*** Block opens ***

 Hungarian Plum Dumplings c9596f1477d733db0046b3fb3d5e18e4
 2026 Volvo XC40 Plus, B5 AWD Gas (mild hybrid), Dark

*** Block closes ***
*** Block opens ***

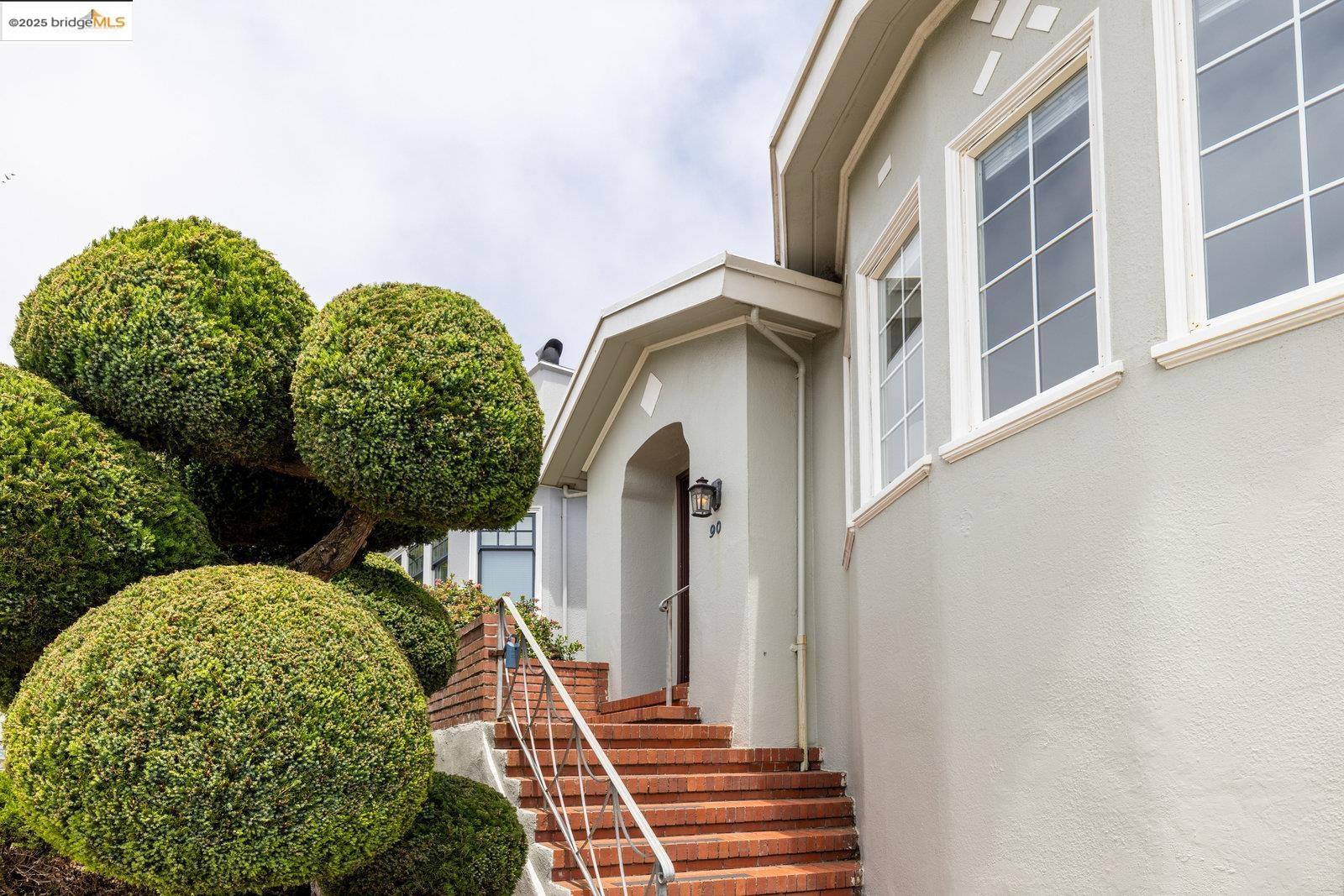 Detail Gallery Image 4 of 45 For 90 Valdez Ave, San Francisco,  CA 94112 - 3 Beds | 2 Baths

*** Block closes ***

EXERCISE
With the line holding "Hungarian Plum Dumplings" as the first and the line holding "2026 Volvo XC40" as the last, please transcribe exactly the lines of the material above in that range and nothing else.

COMPLETED TASK
 Hungarian Plum Dumplings c9596f1477d733db0046b3fb3d5e18e4
 2026 Volvo XC40 Plus, B5 AWD Gas (mild hybrid), Dark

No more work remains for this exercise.